Instead of appealing to the rational side of the consumer, this strategy appeals to their
emotional side.

The pricing may aim to strike a thrifty note with a bargain or stir up feelings of prestige with
a high-end item. Use psychological pricing to choose an appealing price based on the needs
and wants of your target audience.

The odd pricing strategy prices products just below the whole dollar amount. For example,
instead of charge $5 for a product you might charge $4.99.

Buyers associate the price closer to $4 than $5 even though it is only one cent less. Similar
strategies are used for larger dollar amounts. For example, a home might be priced at
$199,500 instead of $200,000.

You might also aim to stay underneath a particular price point such as under $100. The
discounting strategy attracts customers who feel they are getting a deal with a temporary
price reduction.

Price lining involves distinct lines of products, each in a distinct price range, such as budget,
mid-range and high-end. Additional features on the upgraded lines don't typically cost much
but allow you to increase the price significantly.

Promotional Pricing

With promotional pricing, companies will temporarily price their products below list price
and sometimes even below cost to create buying excitement and urgency.
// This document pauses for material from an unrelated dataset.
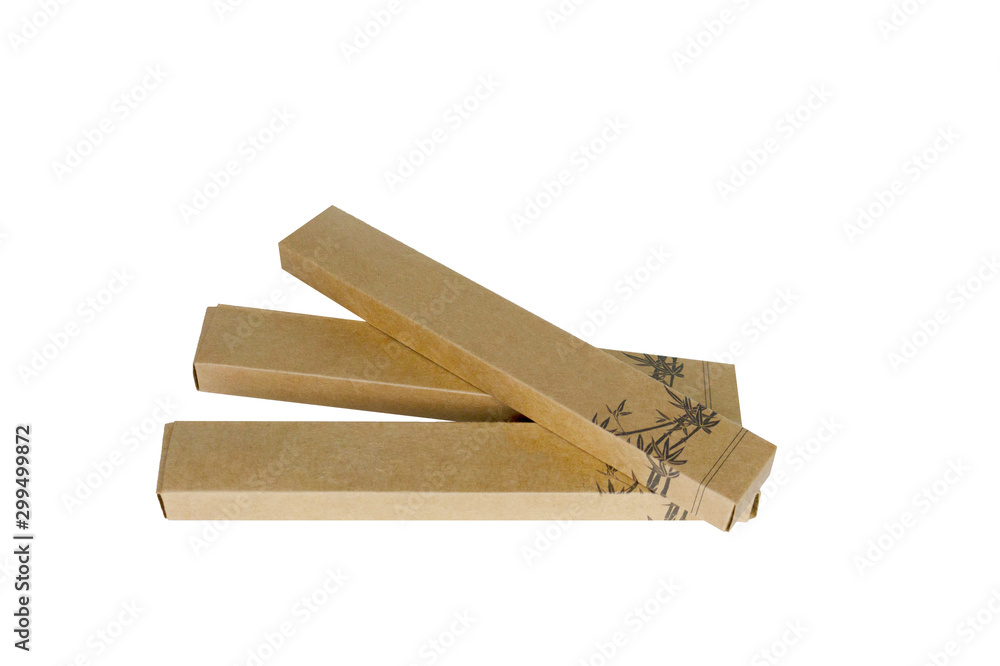 Three cardboard narrow boxes on a white background Three cardboard narrow boxes on a white background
Promotional
pricing takes several forms.
A seller may simply offer discounts from normal prices to increase sales and reduce
inventories.
Sellers also use special-event pricing in certain seasons to draw more customers. Thus,
large-screen TVs and other consumer electronics are promotionally priced in November and
December to attract holiday shoppers into the stores.
Manufacturers sometimes offer cash rebates to consumers who buy the product from
dealers within a specified time; the manufacturer sends the rebate directly to the customer.
Rebates have been popular with automakers and producers of cell phones and small
appliances, but they are also used with consumer packaged goods.
Some manufacturers offer low interest financing, longer warranties, or free maintenance to
reduce the consumer’s “price.”

This practice has become another favorite of the auto industry. Promotional pricing,
however, can have adverse effects. Used too frequently and copied by competitors, price
promotions can create “deal-prone” customers who wait until brands go on sale before
buying them. Or, constantly reduced prices can erode a brand’s value in the eyes of
customers.

Geographical Pricing

A company also must decide how to price its products for customers located in different
parts of the world. Should the company risk losing the business of more-distant customers
by charging them higher prices to cover the higher shipping costs? Or should the company
charge all customers the same prices regardless of location

International Pricing

Companies that market their products internationally must decide what prices to charge in
the different countries in which they operate.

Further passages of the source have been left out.